**Economic production** is the result of the output we produce by employing factors like land, labour, capital, and entrepreneurship. It is possible to determine the optimum amount of production possible considering different combinations of these inputs. Such a determination is called the producer’s equilibrium.

**Producer’s Equilibrium**

The value of all assets used for production is limited. Hence, the producer has to use such a combination of inputs as would provide him with maximum output and profits. This optimum level of production, also called producer’s equilibrium, is achieved when maximum output is derived from minimum costs.

In order to achieve this, producers first have to classify their resources into different combinations. Each combination would provide production in different quantities. The combination that provides the highest amount of produce at the least amount of costs is the optimum level of production.

In order to find out producer’s equilibrium, we first need to understand isoquant curves and iso-cost lines. These two concepts help us calculate optimum production.

**Isoquant Curves**

These lines represent various input combinations which produce the same levels of output. The producer can choose any of these combinations available to him because their outputs are always the same. Thus, we can also call them equal-product curves or production indifference curves.

Just like indifference curves, isoquants are also negatively-sloping and convex in shape. They never intersect with each other. When there are more curves than one, the curve on the right represents greater output and curves on the left show less output.

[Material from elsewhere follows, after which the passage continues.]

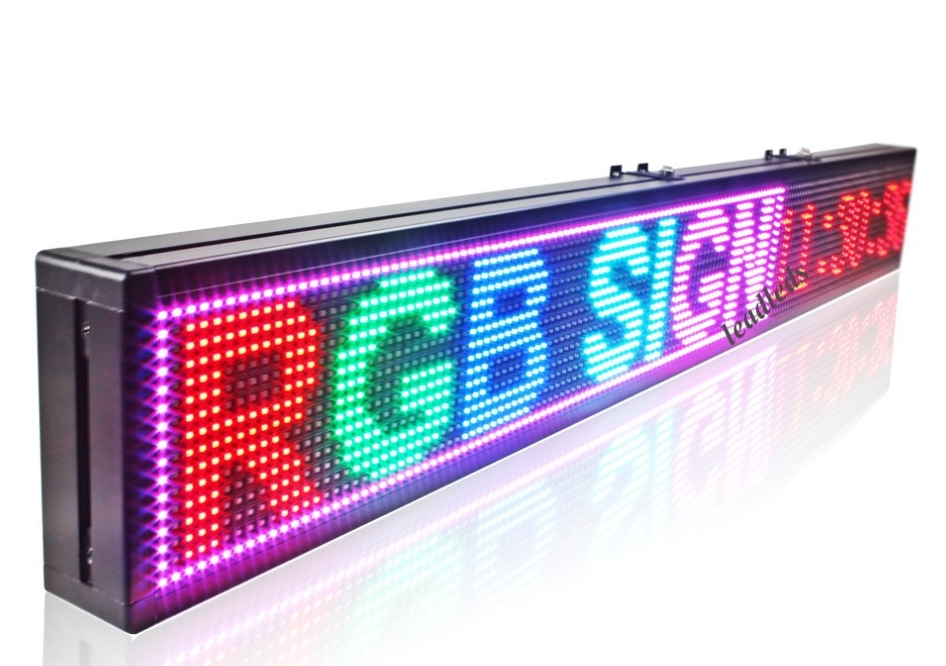 LED informacijske plošče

Consider the table below. It shows four combinations, i.e. A, B, C and D, which produce varying levels of output.

Factor combinations |
Units of Labour |
Units of Capital |

A | 5 | 9 |

B | 10 | 6 |

C | 15 | 4 |

D | 20 | 3 |

Plotting these figures on a graph provides us with this curve (Figure 1):

The X-axis shows units of labour, while the Y-axis represents units of capital. Points A, B, C and D are combinations of factors on which IQ is the level of output, i.e. 100 units. IQ1 and IQ2 represent greater potential output.

**Isocost Lines**

Isocost lines represent combinations of two factors that can be bought with different outlays. In other words, it shows how we can spend money on two different factors to produce maximum output. These lines are also called budget lines or budget constraint lines.

Let’s assume that a farmer has Rs. 1,000 to spend on labour costs and ploughs for farming. The cost of one such plough and wage per labourer is Rs. 100. Considering his total outlay of Rs. 1,000, he can spend that money in the following combinations:

Ploughs | 0 | 100 | 200 | 300 | 400 | 500 | 600 | 700 | 800 | 900 | 1000 |

Labour | 1000 | 900 | 800 | 700 | 600 | 500 | 400 | 300 | 200 | 100 | 0 |

The farmer, in this case, can either spend the entire sum of Rs. 1,000 on just ploughs by buying 10 of them. Similarly, he can also spend it all on labour by employing 10 labourers. He can even purchase both, labour and ploughs using different combinations as shown above. The total outlay of Rs. 1,000 will remain the same. Hence, the isocost line will remain straight as shown below:

The x-axis represents units of ploughs, and Y-axis would show units of labour. Output levels are shown by a straight line because they remain constant.

**Production Equilibrium**

Isoquant curves, as we learned above, show us input combinations that we can employ to produce certain levels of output. Furthermore, isocost lines help us determine combinations of two factors in which we can invest our outlays to produce output. A combination of these two graphs is what gives us the optimum production level, i.e. the producer’s equilibrium.

Using this equilibrium, the producer can determine different combinations to increase output. He can also use this information to find ways to cut costs using the same inputs and consequently generate more profit. We can find out the least expensive combinations of factors by superimposing isoquant curves on isoquant lines.

**Plotting Producer’s Equilibrium**

The graph below shows how we can use isoquant curve and isocost lines to determine optimum producer’s equilibrium.

In the figure shown above, the isoquant curve represents targeted output, i.e. 200 units. Icocost lines EF, GH and KP show three different combinations in which we can utilize the total outlay of inputs, i.e. capital and labour.

The isoquant curve crosses all three isocost lines on points R, M and T. These points show how much costs we will incur in producing 200 units. All three combinations produce the same output of 200 units, but the least costly for the producer will be point M, where isocost line GH is tangent to the isoquant curve.

Points R and T also cross the isoquant curve and equally produce 200 units, but they will be more expensive because they are on the higher isocost line of KP. At point R the producer will spend more on capital, and labour will be more expensive on point T.

Thus, point M is the producer’s equilibrium. It will produce the same output of 200 units, but will a more profitable combination as it will cost less. The producer must, therefore, spend OC amount on capital and OL amount on labour.